■ Data excerpt:
************
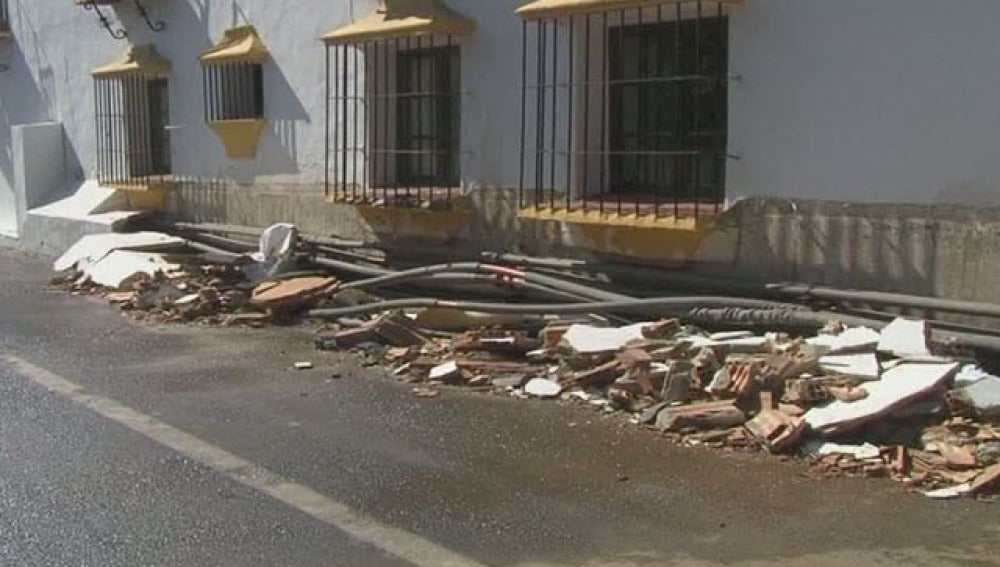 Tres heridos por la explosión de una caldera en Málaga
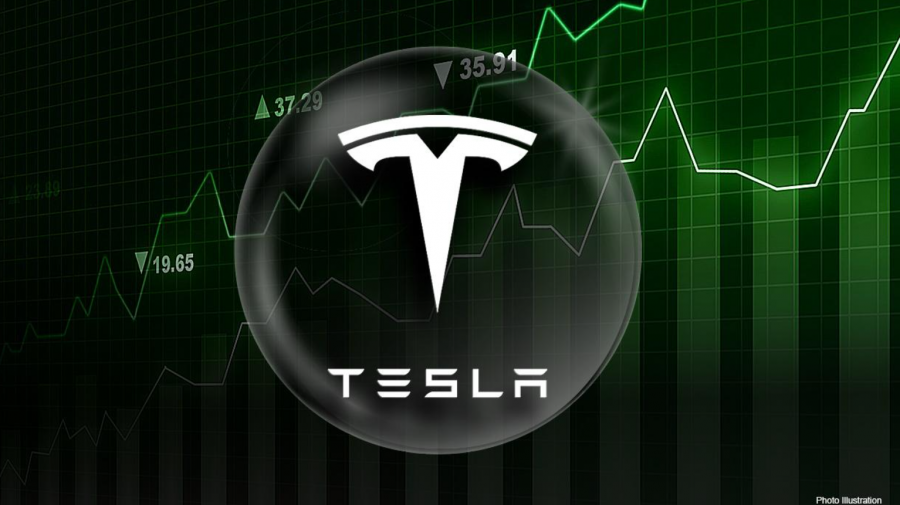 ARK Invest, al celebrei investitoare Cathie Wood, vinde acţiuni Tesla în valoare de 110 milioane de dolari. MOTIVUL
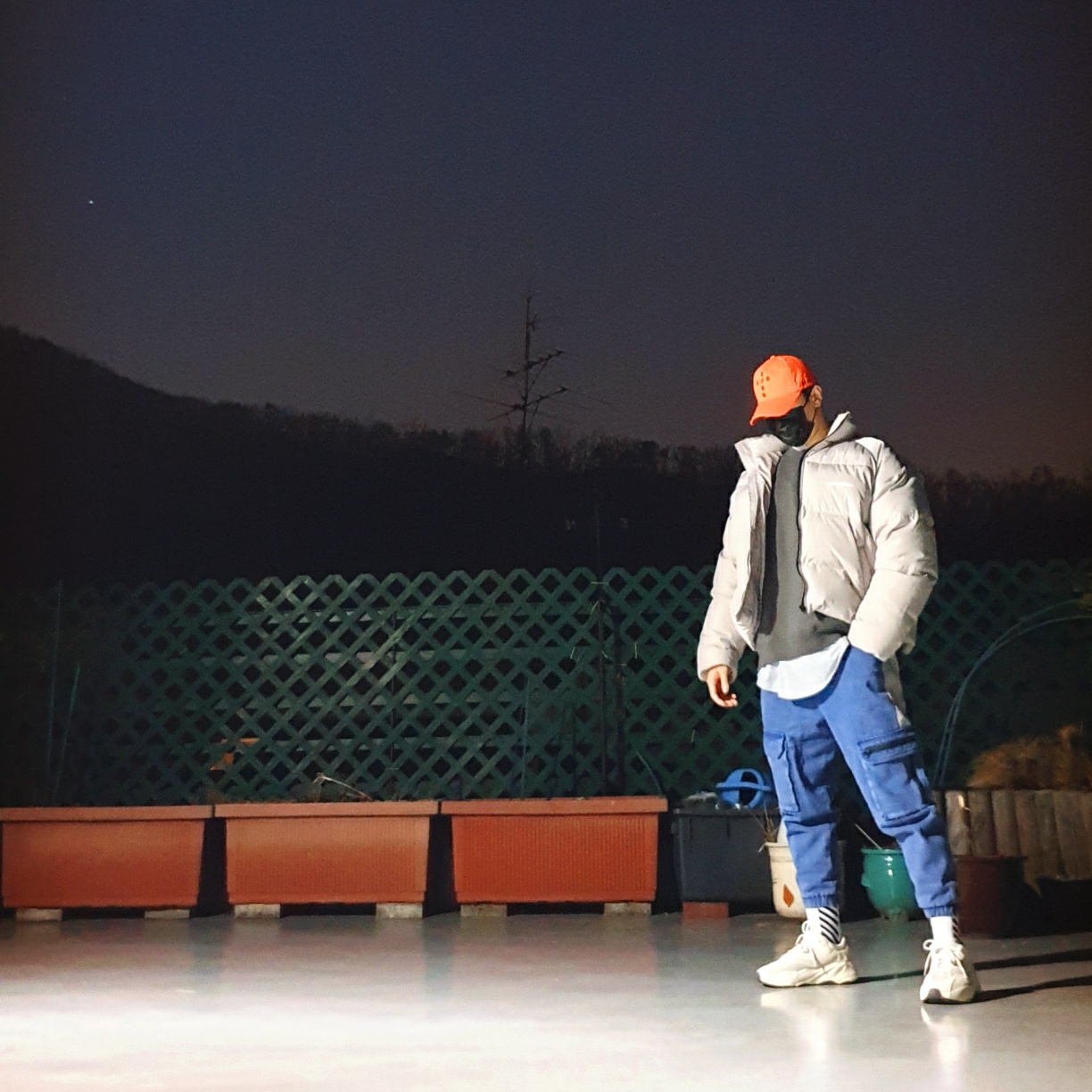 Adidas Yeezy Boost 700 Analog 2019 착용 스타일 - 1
************
■ Aim of the task: Repeat the full listing above without altering a word, and skip the pictures.

■ Output for this task:
 Tres heridos por la explosión de una caldera en Málaga
 ARK Invest, al celebrei investitoare Cathie Wood, vinde acţiuni Tesla în valoare de 110 milioane de dolari. MOTIVUL
 Adidas Yeezy Boost 700 Analog 2019 착용 스타일 - 1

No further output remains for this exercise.